実施例2では、実施例1とPOF13、コード15ならびにケーブル10の製造設備および条件は同じながら、抗張力線16を用いることなく2本のコード15のみを使用して、図6に示す構造のケーブル10を作製した。そして、実施例1と同様に、tおよびTを変更することにより、厚み比(t/T)を変化させて3種類のケーブル10を作製した(実験4〜6)。
[実験4]
tを0.3mm、Tを2.2mmとし、厚み比(t/T)が0.14のケーブル10を作製した。そして、このケーブル10を用いて、伝送損失上昇(dB/km)および引裂き強度(N)を測定したところ、伝送損失上昇は0であり、引裂き強度は2.3Nであった。
[実験5]
tを0.5mm、Tを2.2mmとし、厚み比(t/T)が0.23のケーブル10を作製した。そして、このケーブル10を用いて、伝送損失上昇(dB/km)および引裂き強度(N)を測定したところ、伝送損失上昇は0であり、引裂き強度は5.0Nであった。
[実験6]
tを0.7mm、Tを2.2mmとし、厚み比(t/T)が0.32のケーブル10を作製した。そして、このケーブル10を用いて、伝送損失上昇(dB/km)および引裂き強度(N)を測定したところ、伝送損失上昇は15であり、引裂き強度は9.0Nであった。
実施例1と同じ材料および製造設備、条件ながら、図7に示すように、コード被覆部17aの断面が略円形でないケーブル10を作製した。このとき、tを0.5mm、Tを2.2mm、厚み比(t/T)を0.23とした。そして、このケーブル10を用いて、伝送損失上昇(dB/km)および引裂き強度(N)を測定したところ、伝送損失上昇は20であり、引裂き強度は10.0Nであった。

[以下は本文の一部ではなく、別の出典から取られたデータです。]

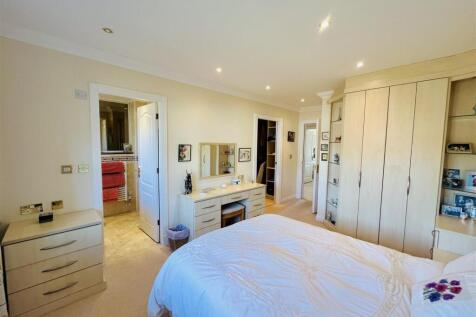 Principal Bedroom 1 Aspect 3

実施例1〜3の結果より、実験1,2および実験4,5では、伝送損失の上昇を確認することはできなかった。これらの中で、実験4では引裂き強度が小さく、かつ引裂け過ぎるという現象が確認された。一方で、その他の実験は、いずれも引裂き強度が4.0〜5.0N程度であり、引裂き時においては優れた安定性を示しながら容易に引裂くことができることを確認した。ただし、実験3,6では、伝送損失上昇が大きく、引裂き強度も大きくなった。この原因として、実験1,2,4,5では、厚み比(t/T)が0.14〜0.23の範囲であるのに対して、実験3,6では、厚み比(t/T)がともに0.32であり、他の実験に比べて大きい。このため、くびれ部17cからの引裂き強度が大きくなり、かつ第2被覆層17の潜熱によってコード15などが熱ダメージを受けたために伝送損失が上昇したと考えられる。また、実施例3では、POF13を含む径方向での断面が略円形でないケーブル10を作製した。その結果、厚み比(t/T)が0.23であるにもかかわらず、伝送損失上昇および引き裂き強度がともに増大した。

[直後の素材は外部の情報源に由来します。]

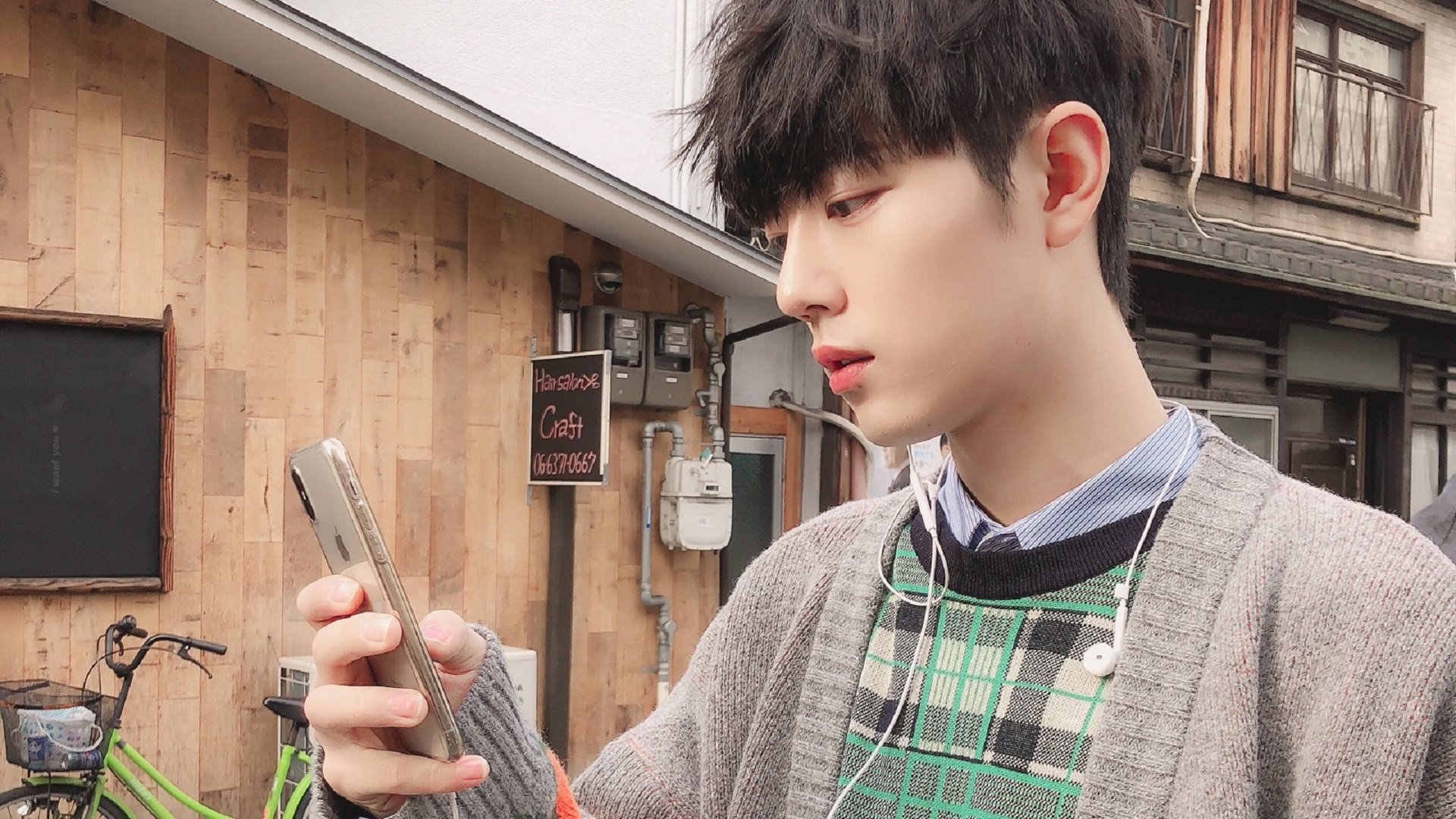 “快艇冲浪：东三叉湖赛场极速角逐，掀起水上运动的新浪潮”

以上より、複数の光ファイバコードを束ねた外周を被覆層で覆うとともに、光ファイバコードの間で被覆層の外周面に引き裂き用のくびれ部を有する光ファイバケーブルにおいて、くびれ部の厚みをtとし、この厚み方向における前記光ファイバコードの被覆層の最大厚みをTとするとき、厚み比(t/T)を0.15≦(t/T)≦0.30とし、かつコードを含む被覆層の断面形状が略円形とすると、低伝送損失でありながらも、素手で容易に引裂くことができるケーブルを得ることができることを確認した。

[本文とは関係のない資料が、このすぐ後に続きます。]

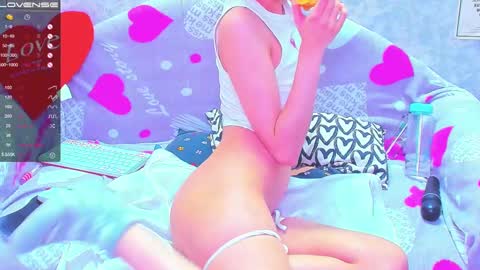 Snapshot of vanessa_florence chatting on February 23, 4:28 am RUSSIAN BARBIE BABE online show from February 23, 4:28 am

本発明のプラスチック光ファイバケーブルの一例の径方向に対する断面図である。 本発明のプラスチック光ファイバケーブルの製造工程図である。 本実施形態で使用したプラスチック光ファイバ素線を製造する際の加熱延伸設備の概略図である。 本実施形態で使用したコード製造設備の概略図である。 本実施形態で使用したケーブル製造設備の概略図である。 本発明でのプラスチック光ファイバケーブルの一例の径方向に対する断面図である。 実施例で作製したプラスチック光ファイバケーブルの一例の径方向に対する断面図である。
符号の説明
10 ケーブル
11 コア
12 クラッド
14 第1被覆層
15 第2被覆層
16 抗張力線
17 第2被覆層
17a コード被覆部
17b 抗張力線被覆部
17c くびれ部

Claims (6)

  1. 複数の光ファイバコードを束ねた外周を被覆層で覆うとともに、前記光ファイバコードの間で前記被覆層の外周面に引き裂き用のくびれ部を有する光ファイバケーブルにおいて、
    前記くびれ部の厚みをtとし、この厚み方向における前記光ファイバコードの被覆層の最大厚みをTとするとき、厚み比(t/T)を0.15≦(t/T)≦0.30とすることを特徴とする光ファイバケーブル。
  2. 前記くびれ部により引き裂いて前記各光ファイバコードを分離する際の引き裂き強度を2.6N以上7N以下とすることを特徴とする請求項1記載の光ファイバケーブル。
  3. 前記被覆層は前記光ファイバコードに密着していることを特徴とする請求項1または2記載の光ファイバケーブル。
  4. 前記光ファイバコードの少なくとも1本が、プラスチック光ファイバ素線を有することを特徴とする請求項1ないし3いずれかひとつ記載の光ファイバケーブル。
  5. 前記光ファイバコードを覆う被覆層の横断面形状は、略円形であることを特徴とする請求項1ないし4いずれかひとつ記載の光ファイバケーブル。
  6. 前記光ファイバコードの間の前記被覆層には抗張力線が入れられており、前記抗張力線と前記各光ファイバコードとの間に位置する前記被覆層の外周面に前記くびれ部が形成されることを特徴とする請求項1ないし5いずれかひとつ記載の光ファイバケーブル。